Museums and the Web 2009, Selected Papers from an international conference

Edited by Jennifer Trant and David Bearman.

Toronto: Archives & Museum Informatics, 2009.

Introduction
On Being Open

[PDF available]

We’ve made it. We’ve re-made it. We’ve designed it. We’ve re-designed it. We’ve coded it. We’ve re-coded it. And what have we learned? The papers at Museums and the Web 2009 take stock of the strategies, technologies and methods museums are now using on the Web. Some provide examples of best practice, or case studies that raise interesting questions. Others outline theoretical frameworks that help us understand it all. A few point out new directions we might take as we struggle with the additive nature of the social Web. As yet another layer – of information, interpretation, interaction or experience – is added to what we do, how do we pull it all together? Thank heavens for the experiences our colleagues are willing to share.

What Has Web 2.0 Wrought?

Museums are still digesting social Web technologies, evaluating the experience, turning experiments into programs, and building sustainable successes on top of one-off prototypes. We started by experimenting to see how social media could be deployed. Then, we began to systematically consider who to engage and how best to involve them. Now we are beginning to examine how these technologies are reframing organizational behavior and evaluating what makes them successful. Not surprisingly, we are discovering that social applications require a lot of care and feeding. They only work when we carefully address the needs of specific audiences with appropriate functions – lessons it seems we need to relearn with every wave of new applications.

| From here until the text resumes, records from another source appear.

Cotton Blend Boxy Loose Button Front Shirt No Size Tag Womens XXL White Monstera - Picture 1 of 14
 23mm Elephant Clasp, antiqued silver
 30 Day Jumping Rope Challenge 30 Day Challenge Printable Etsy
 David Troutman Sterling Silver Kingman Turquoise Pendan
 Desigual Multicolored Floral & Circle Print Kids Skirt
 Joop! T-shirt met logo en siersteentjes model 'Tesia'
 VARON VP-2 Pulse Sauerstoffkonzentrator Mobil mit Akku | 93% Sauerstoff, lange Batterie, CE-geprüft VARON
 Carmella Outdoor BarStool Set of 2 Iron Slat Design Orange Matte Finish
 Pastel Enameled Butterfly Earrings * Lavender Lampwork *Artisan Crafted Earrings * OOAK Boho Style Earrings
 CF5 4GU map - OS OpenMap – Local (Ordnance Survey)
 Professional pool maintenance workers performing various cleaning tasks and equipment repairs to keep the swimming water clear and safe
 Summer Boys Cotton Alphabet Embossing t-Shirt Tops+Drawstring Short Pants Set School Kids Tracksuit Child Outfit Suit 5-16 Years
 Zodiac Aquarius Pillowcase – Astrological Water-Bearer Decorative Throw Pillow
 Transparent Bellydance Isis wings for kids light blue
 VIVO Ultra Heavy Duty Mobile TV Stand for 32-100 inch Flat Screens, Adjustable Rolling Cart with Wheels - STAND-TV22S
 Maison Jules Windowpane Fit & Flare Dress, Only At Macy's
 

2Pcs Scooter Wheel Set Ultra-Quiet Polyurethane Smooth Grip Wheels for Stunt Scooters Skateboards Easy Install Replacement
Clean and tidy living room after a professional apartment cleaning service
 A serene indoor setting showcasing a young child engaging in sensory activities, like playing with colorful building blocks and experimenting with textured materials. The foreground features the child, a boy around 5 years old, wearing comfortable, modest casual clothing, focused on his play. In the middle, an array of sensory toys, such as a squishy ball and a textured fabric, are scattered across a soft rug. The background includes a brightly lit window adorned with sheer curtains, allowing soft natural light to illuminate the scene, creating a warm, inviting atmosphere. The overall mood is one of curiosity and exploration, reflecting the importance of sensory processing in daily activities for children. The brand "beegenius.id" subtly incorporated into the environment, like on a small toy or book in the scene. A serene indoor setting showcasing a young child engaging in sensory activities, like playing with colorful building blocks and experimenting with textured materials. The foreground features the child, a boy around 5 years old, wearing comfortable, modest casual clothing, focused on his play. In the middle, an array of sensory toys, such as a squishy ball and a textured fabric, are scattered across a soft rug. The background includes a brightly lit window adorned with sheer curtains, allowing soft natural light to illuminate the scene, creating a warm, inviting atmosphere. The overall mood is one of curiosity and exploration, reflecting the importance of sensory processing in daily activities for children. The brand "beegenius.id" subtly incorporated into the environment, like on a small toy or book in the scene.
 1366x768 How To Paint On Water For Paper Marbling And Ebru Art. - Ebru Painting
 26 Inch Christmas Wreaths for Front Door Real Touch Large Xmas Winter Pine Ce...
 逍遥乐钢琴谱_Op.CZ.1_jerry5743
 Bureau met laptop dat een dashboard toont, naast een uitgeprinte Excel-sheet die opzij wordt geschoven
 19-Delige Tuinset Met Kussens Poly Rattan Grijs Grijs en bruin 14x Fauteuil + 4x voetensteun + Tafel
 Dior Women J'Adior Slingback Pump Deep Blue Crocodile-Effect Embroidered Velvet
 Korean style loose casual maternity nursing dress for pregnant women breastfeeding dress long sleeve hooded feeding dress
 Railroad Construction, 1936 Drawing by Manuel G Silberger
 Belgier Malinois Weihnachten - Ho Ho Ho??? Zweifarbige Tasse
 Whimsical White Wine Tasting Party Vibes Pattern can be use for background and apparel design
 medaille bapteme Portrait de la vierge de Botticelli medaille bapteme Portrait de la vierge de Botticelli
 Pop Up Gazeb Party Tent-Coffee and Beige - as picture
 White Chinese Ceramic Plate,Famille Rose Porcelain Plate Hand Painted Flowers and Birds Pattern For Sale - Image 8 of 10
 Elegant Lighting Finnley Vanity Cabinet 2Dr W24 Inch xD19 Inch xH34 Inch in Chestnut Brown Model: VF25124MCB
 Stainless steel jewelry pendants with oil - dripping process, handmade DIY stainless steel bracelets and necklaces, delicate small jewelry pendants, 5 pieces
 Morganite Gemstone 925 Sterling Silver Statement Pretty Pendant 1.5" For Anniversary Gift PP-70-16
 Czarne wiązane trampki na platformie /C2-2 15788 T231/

Ironically, disruptive technologies don’t just disrupt the existing methods of delivering our content, they change the very institutions that deploy them by suggesting new missions and offering new goals. While we may think we are simply seeking an alternative to consuming gasoline in our long commute to work, our objective shifts to getting exercise from bicycling or meeting new friends through carpooling. The same shift is happening in museums. Nina Simon plays with how ‘Going Digital’, and particularly going ‘Web 2.0’, has created models on-line that museums might want to emulate in the physical world. How, she wonders, could we translate the features that users appreciate on-line into properties they encounter inside our physical walls? Are these social and participatory goals for museums in all their programs?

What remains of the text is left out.